● Exercise
Exactly retype the lines from the top of the data through the line containing "Set CABANE de", leaving out every picture.
= Beginning of Section =
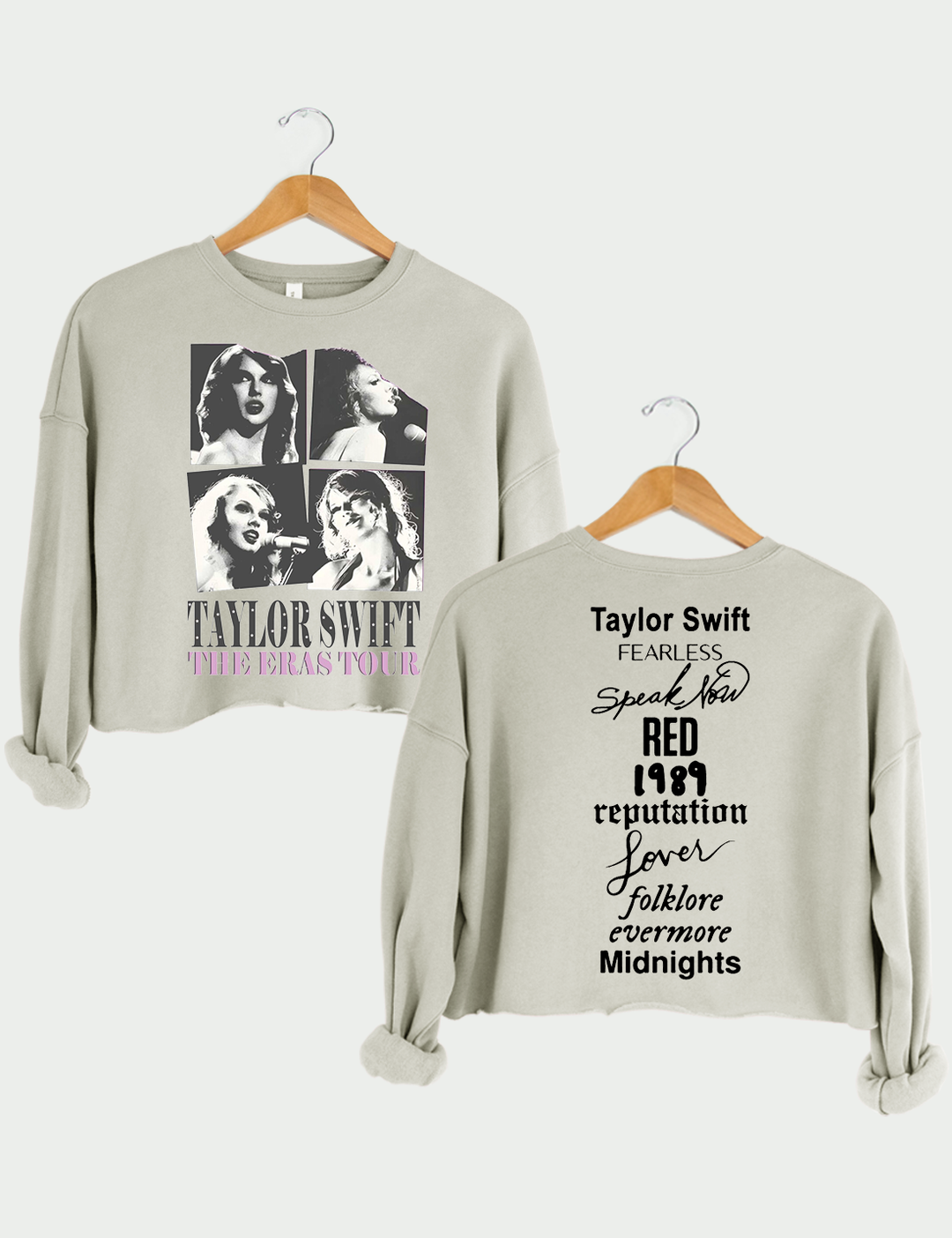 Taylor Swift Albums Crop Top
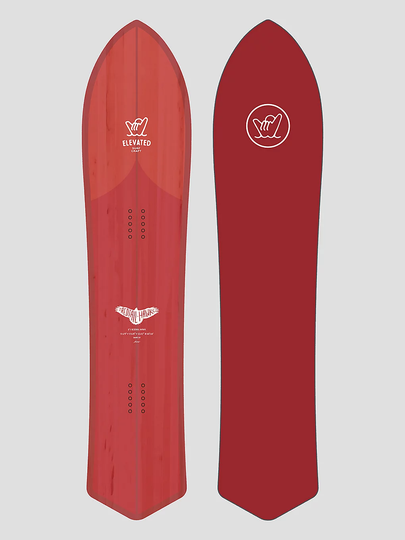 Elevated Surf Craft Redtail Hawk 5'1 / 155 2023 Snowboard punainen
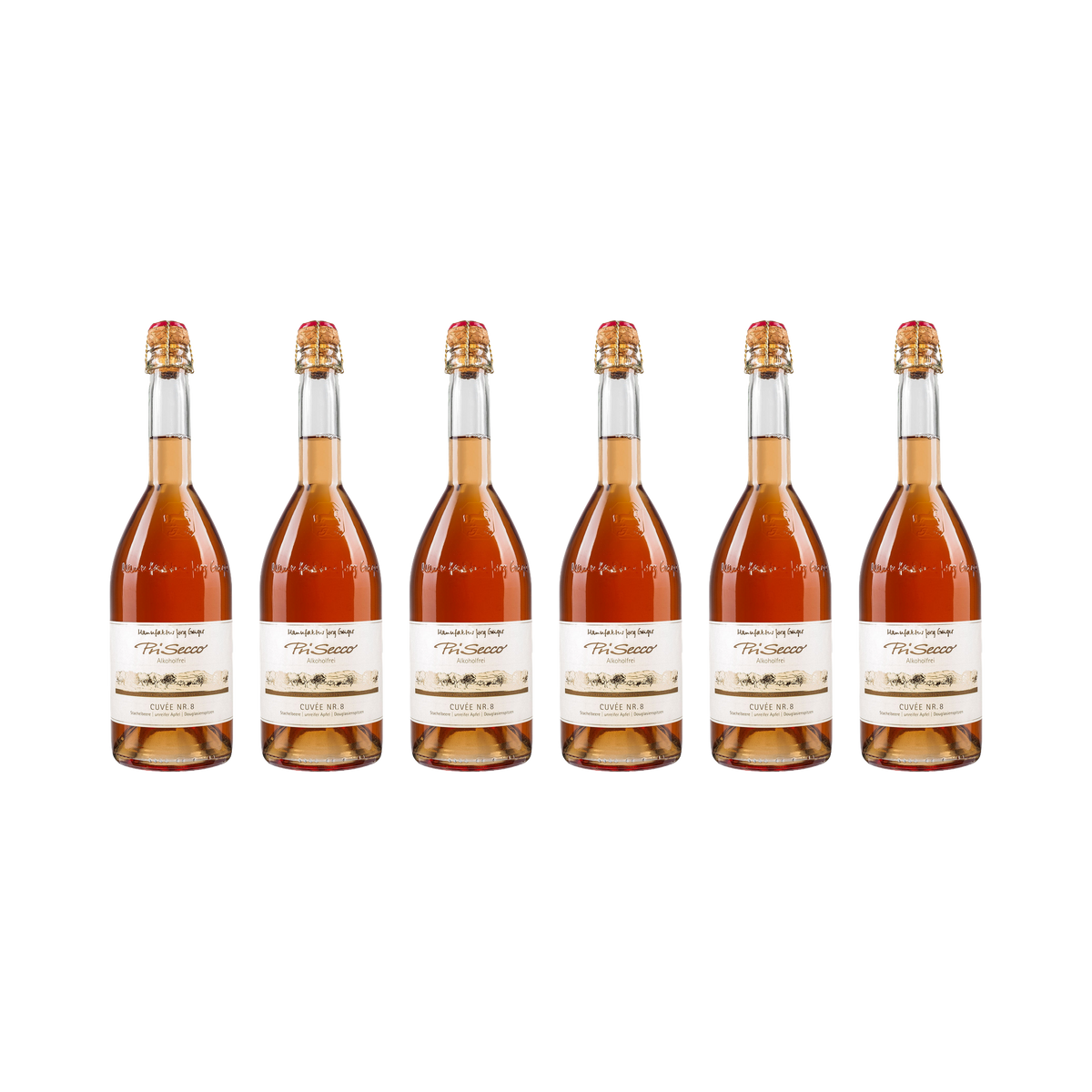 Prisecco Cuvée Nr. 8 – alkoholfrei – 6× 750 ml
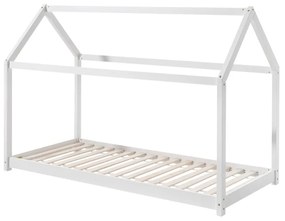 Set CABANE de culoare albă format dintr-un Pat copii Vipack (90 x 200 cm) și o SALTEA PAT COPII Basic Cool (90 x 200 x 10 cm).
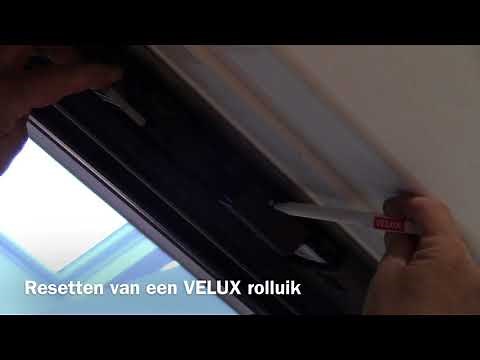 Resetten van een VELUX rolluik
= End of Section =
● Expected answer
 Taylor Swift Albums Crop Top
 Elevated Surf Craft Redtail Hawk 5'1 / 155 2023 Snowboard punainen
 Prisecco Cuvée Nr. 8 – alkoholfrei – 6× 750 ml
 Set CABANE de culoare albă format dintr-un Pat copii Vipack (90 x 200 cm) și o SALTEA PAT COPII Basic Cool (90 x 200 x 10 cm).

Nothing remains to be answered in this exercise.